Mixing it up - is the theme of the program - keep up the good work.

We  exercise to set up the fitness improvement process- daily exercise stresses our body so  in turn, our bodies  react by causing  numerous chemical/hormonal processe which helps the body to make the necessary  adjustments.

Exercising with intensity ensures your body get serious about making changes so that your body copes better with the extra demands.  Interval training works both the aerobic and the anaerobic system, and it results in improved conditioning of the cardiovascular system.

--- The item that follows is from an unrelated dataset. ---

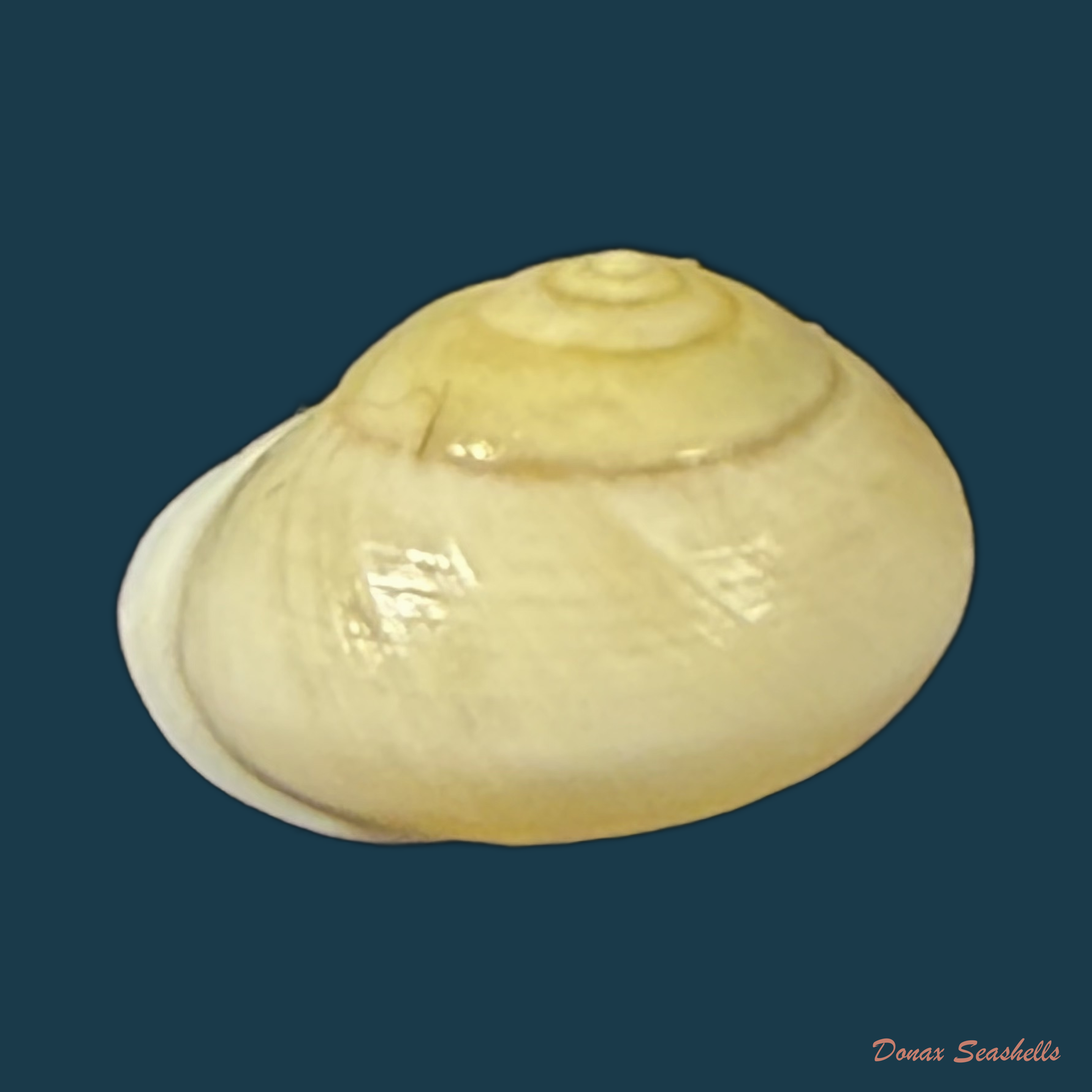 Helicina variabilis unicolor J.A. Wagner, 1827 - 11,4mm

It's also important to add to the fitness improvement regime - SLEEP - this is an often overlooked part of effective training. If you don't plan rest or schedule recovery days in your training, you limit your ability to train.

 As I've just said your body actually gets stronger after exercise stress, so you need to allow down time for rebuilding muscle tissue.

An effective training program will have regular periods of rest and recovery. This also allows adaptation to the exercise that is you return bigger, stronger and faster.

 Rest also allows you to recover mentally and emotionally and avoid exercise burn-out.

So how do you do  recovery days if its still important to do your 30mins of daily exercise, 6X per week?

Cross Train - Alternating exercise is a great way to train effectively. Not only do you develop overall muscle conditioning, but you allow muscles to rest and recover without losing your fitness and get a mental boost from alternating activities.

On recovery days you pick a more gentle exercise option - maybe yoge,a walk or a leisurely swim or ride. Remember even gardening or mowing the lawn are all valid exercise options.

So find your 30 minutes a day for health and find two session per week where you push yourself that little bit more for improved fitness. And go to bed at a reasonable hour each night for a least 8hrs of sleep!